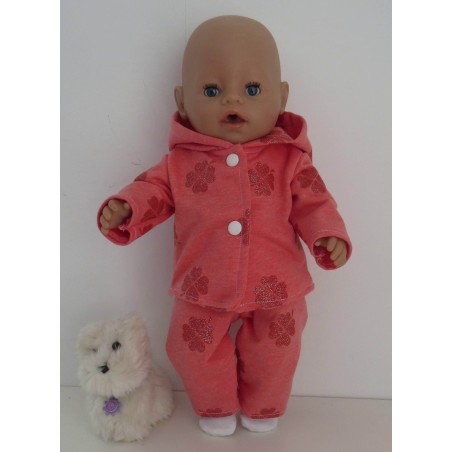 tussenjas met broek klavertjes baby born 43cm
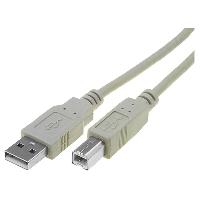 Connectique - Alimentation Cable- USB 2.0- USB A prise.USB B prise- nickele- 1.8m- gris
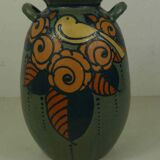 Vase ancien en terre cuite émaillée  art nouveau  « Paul Jacquet »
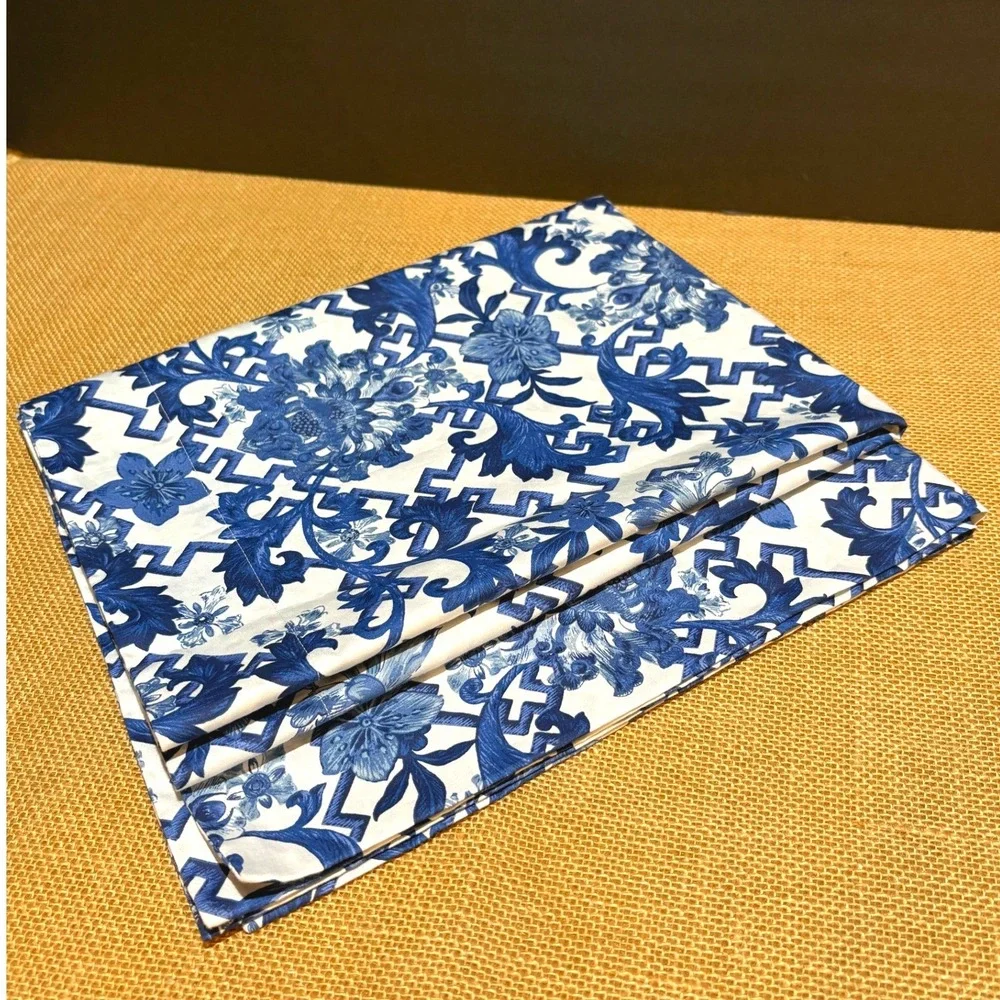 Ralph Lauren Dorsey Blue Label Chinoiserie Cotton King Pillowcase ONLY 1 48 X 20
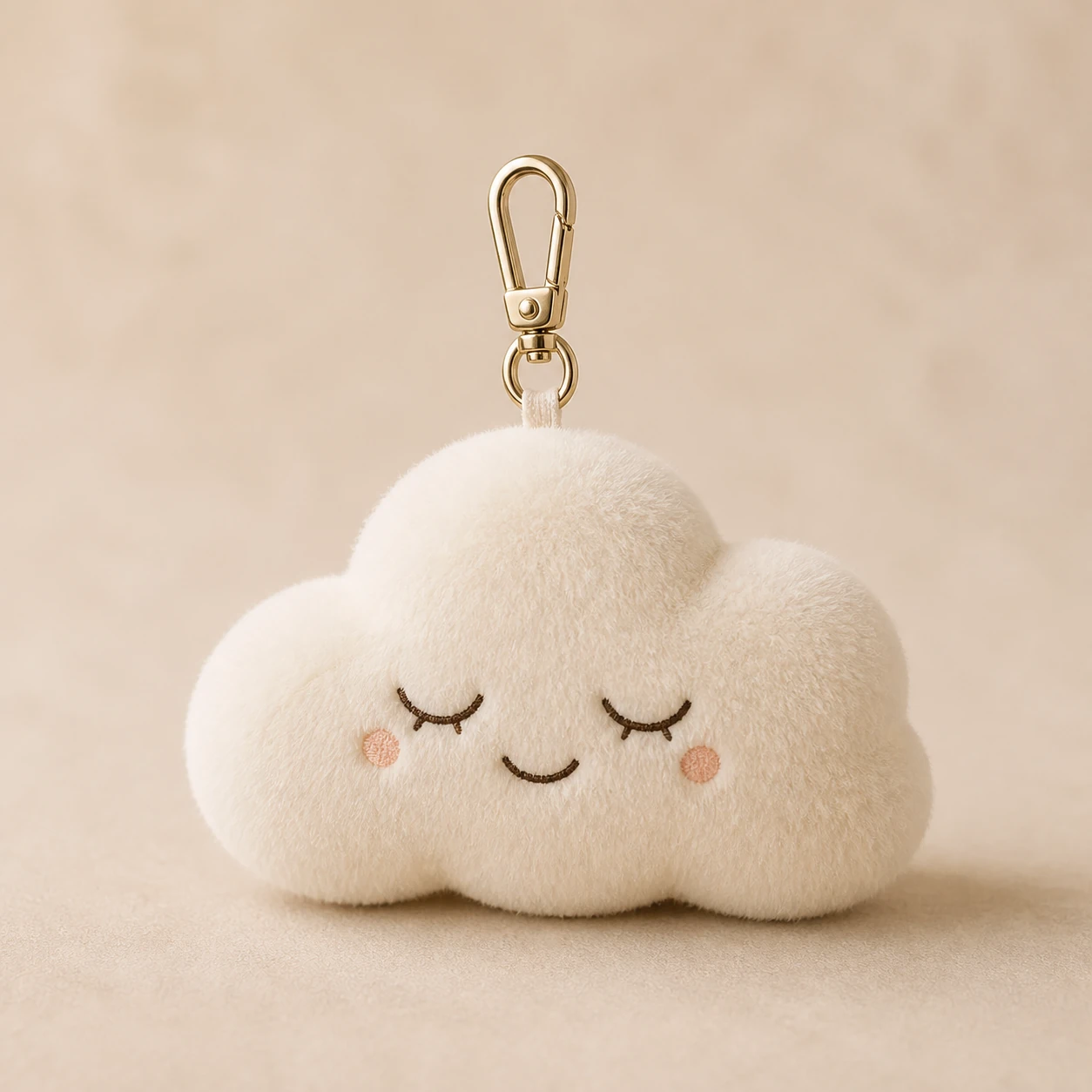 Realistic studio product card for Plushlab Cloud Charm, a fictional collectibles item.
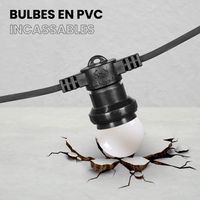 Guirlande Guinguette IP65 10m 10 bulbes Blancs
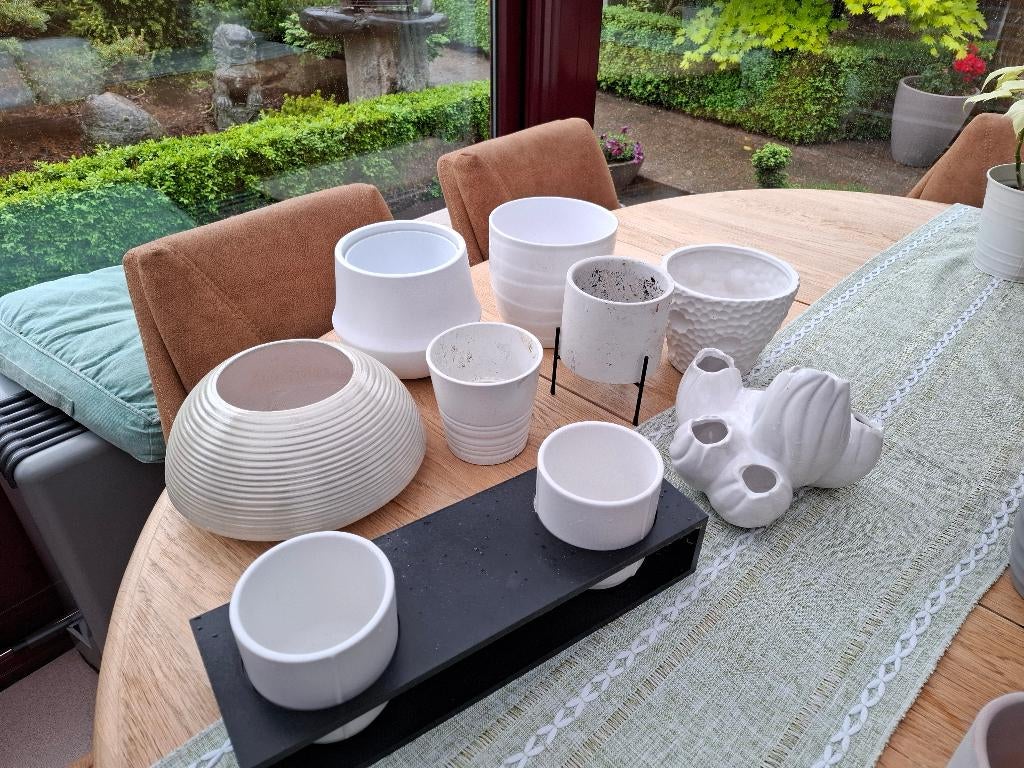 Set witte bloempotten, Tuin en Terras, Bloempotten, Ophalen, Gebruikt, Aardewerk, Binnen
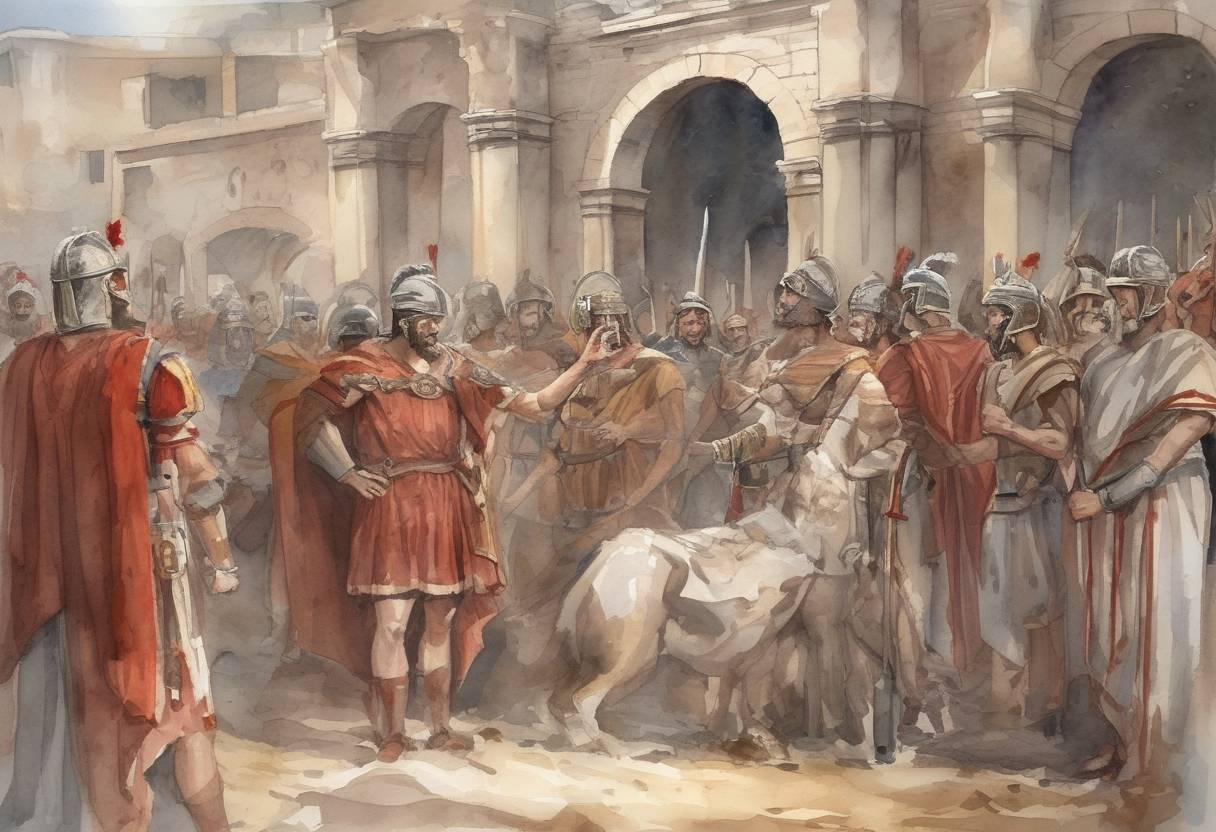 Watercolor painting based depiction of Roman Emperor Septimius Severus died in Eboracum (modern-day York, England). His death marked the end of his reign and the beginning of a power struggle between his sons, Caracalla and Geta. (211)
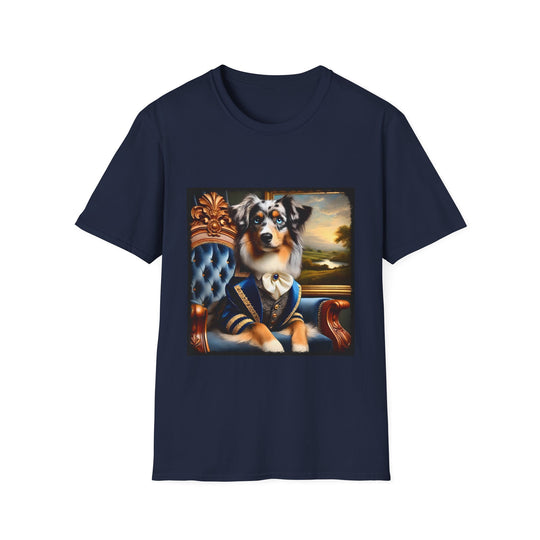 Miniature American Shepherd Dashing Duke design dog lover unisex t-shirt in navy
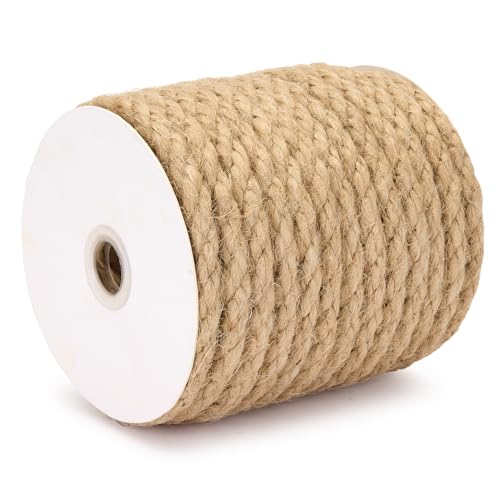 Corde de Jute Naturelle Torsadée - 12 mm x 10 mètres | Ficelle Robuste pour Bricolage, Jardinage, Décoration et Artisanat, Brun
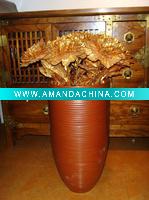 Wholesale Embossed stripe Cylindrical flower vase ceramic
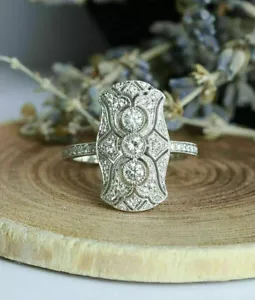 Vintage Style Filigree Ring 2.3 Ct Round Cut Lab Created Diamond 10K White Gold - Picture 1 of 6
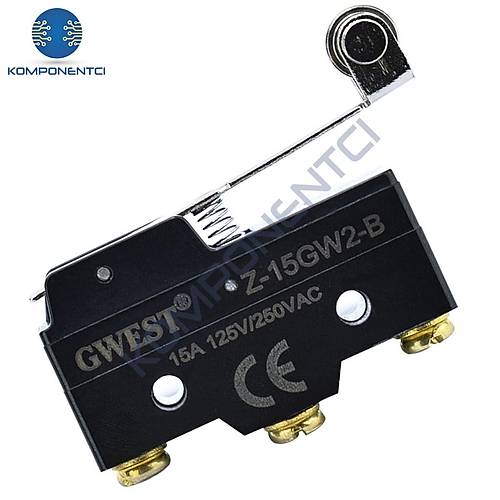 Gwest AZ-15GW2-B Uzun Palet Metal Makaralı Mikro Switch 15A 1NO + 1NC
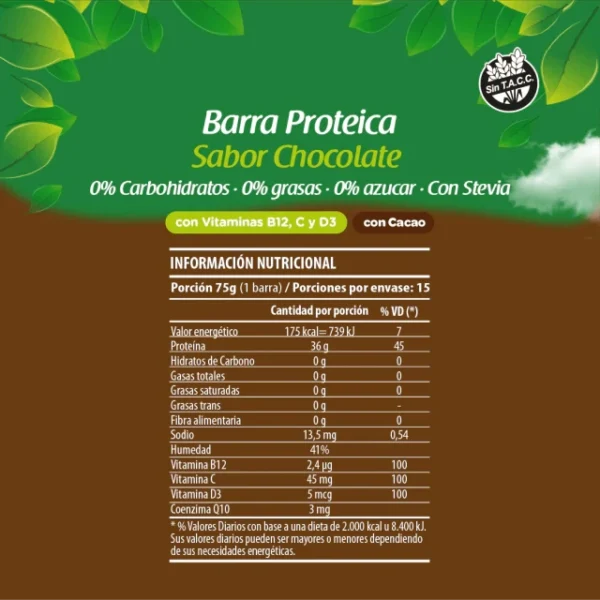 tabla-barras-chocolate Etiqueta nutricional de barra proteica sabor chocolate con coenzima Q10, sin TACC, sin carbohidratos, grasas ni azúcares, con stevia y vitaminas B12, C y D3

..........

Exactly as written, reproduce the lines from the one containing "Wholesale Embossed stripe" through the last line of the entries above, and leave every picture out.

 Wholesale Embossed stripe Cylindrical flower vase ceramic
 Vintage Style Filigree Ring 2.3 Ct Round Cut Lab Created Diamond 10K White Gold - Picture 1 of 6
 Gwest AZ-15GW2-B Uzun Palet Metal Makaralı Mikro Switch 15A 1NO + 1NC
 tabla-barras-chocolate Etiqueta nutricional de barra proteica sabor chocolate con coenzima Q10, sin TACC, sin carbohidratos, grasas ni azúcares, con stevia y vitaminas B12, C y D3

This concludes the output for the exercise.